I need a plan to build some type of aeration for our small pond. I do not have power out there and was hoping you guys had an idea. I assumed windmill ones were cheap. I was WRONG about that. There's gotta be a cost effective way!!


----------



## plowjockey (Aug 18, 2008)

ahahahni1 said:


> I need a plan to build some type of aeration for our small pond. I do not have power out there and was hoping you guys had an idea. I assumed windmill ones were cheap. I was WRONG about that. There's gotta be a cost effective way!!


You can find solar powered units on eBay for about $300. Not sure how well they work. Thinking about possibly building one myself.

Retail solar aerators are about 6 grand. -ouch.

Also considering building one that is wind driven, but utilizing vanes that are either prop-like, or similar to a wind-speed weather station.

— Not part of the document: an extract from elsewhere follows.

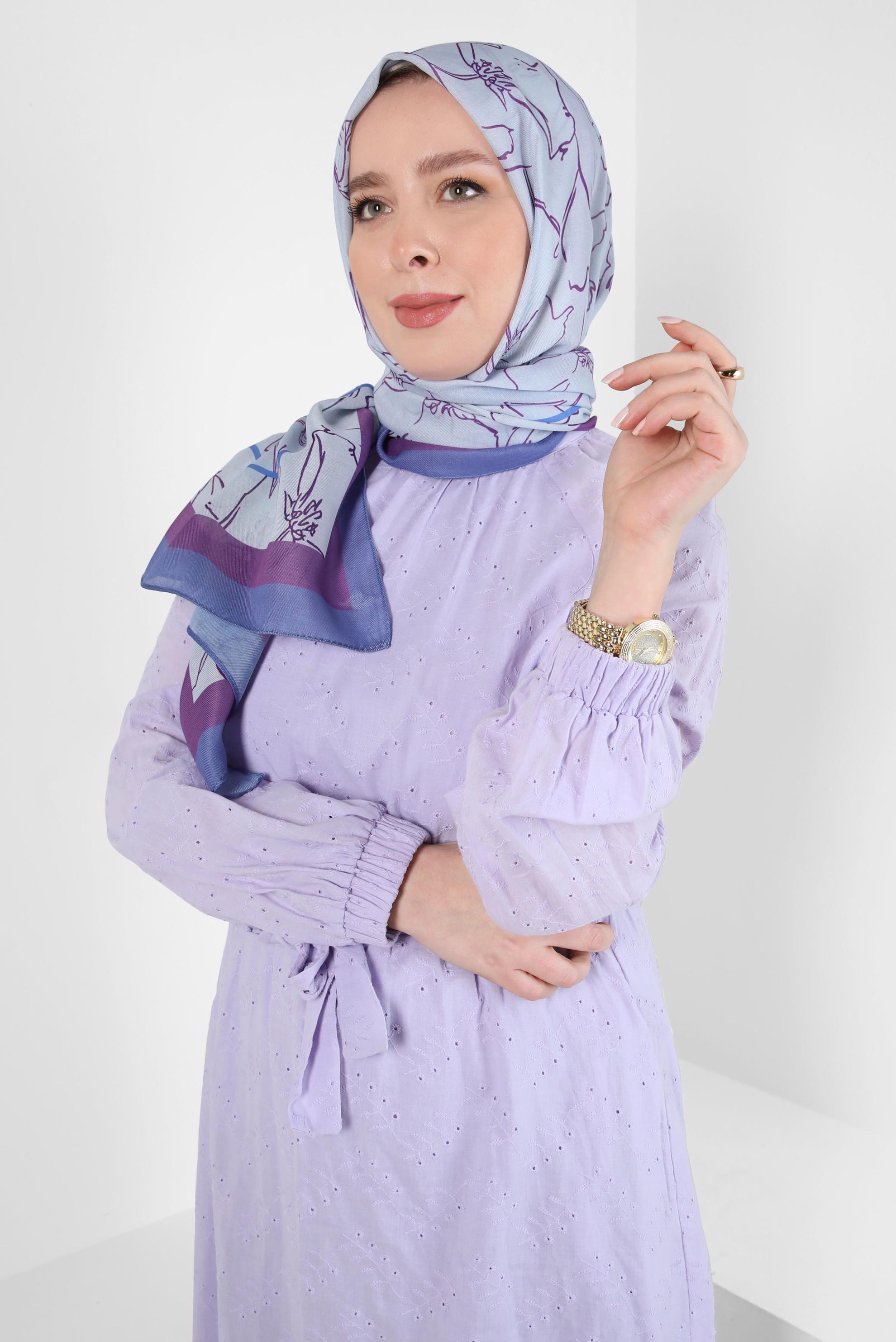 Tesettür giyim MAVİ ALVİNA ÇİÇEK DESEN SOFT ŞAL 8407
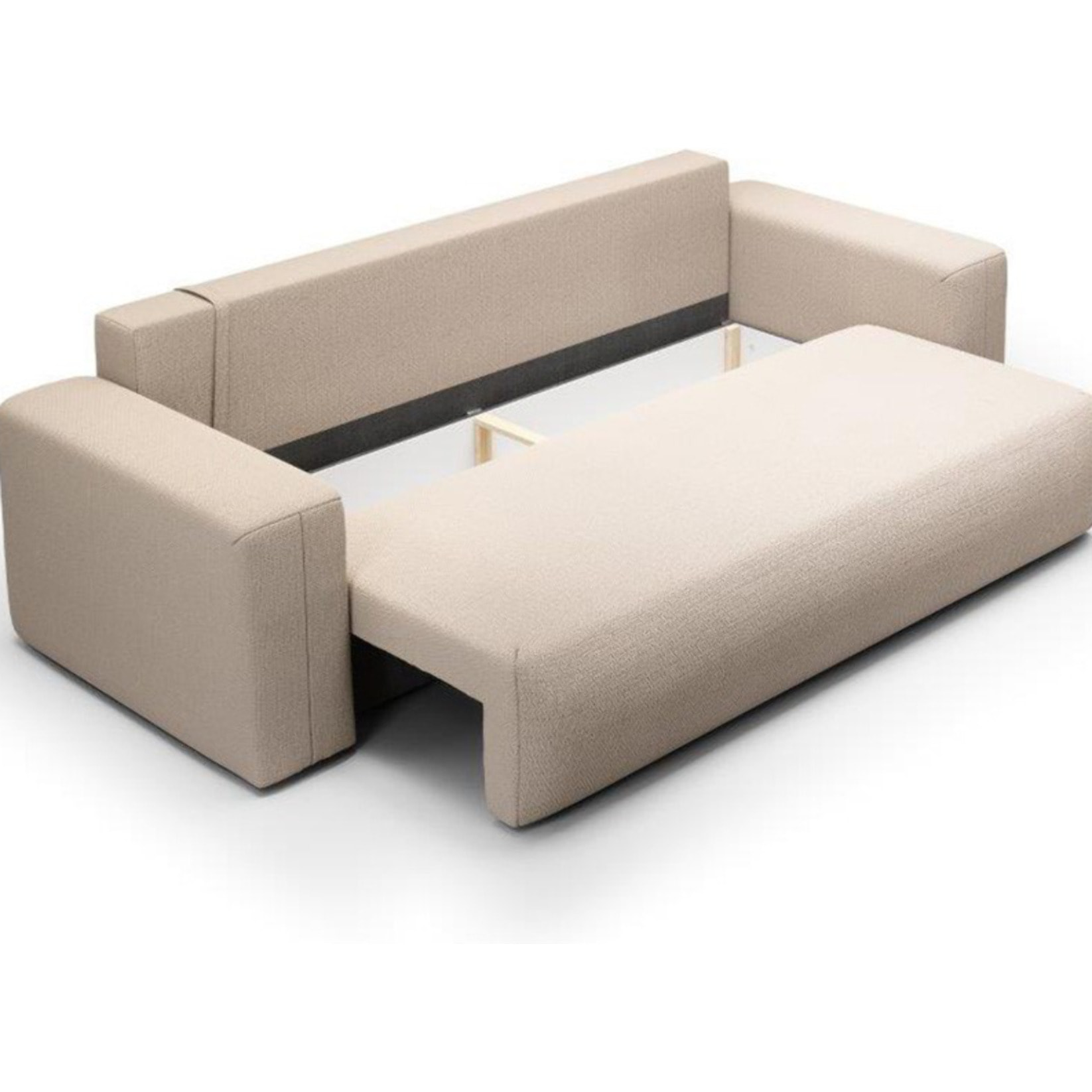 NALA - Canapé droit convertible droit 3 places en tissu beige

These both will utilize an inexpensive low volume compressor pump.

Hope any of this helps.


----------



## ahahahni1 (Sep 4, 2006)

Yes, a wind powered unit would be great since its always windy here. I can't find plans though. Something not too intrecate. I don't have a workshop. But it has to work.


----------



## watcher (Sep 4, 2006)

The BiL has one, IIRC, which is made from a 55 gal drum (cut in half and welded in an S shape onto a shaft with an old metal fan blade on bottom. Wind blows, turns the drum which turns the fan blade. Not fancy but it works. I'm sure you could do the something similar w/o a welder.


----------



## ahahahni1 (Sep 4, 2006)

oh oh do you have pictures?


----------



## watcher (Sep 4, 2006)

ahahahni1 said:


> oh oh do you have pictures?


Sorry no pics. Just use your imagination and you can come up with something similar. 

Google _vertical_ and/or _Savonius_ windmills.


----------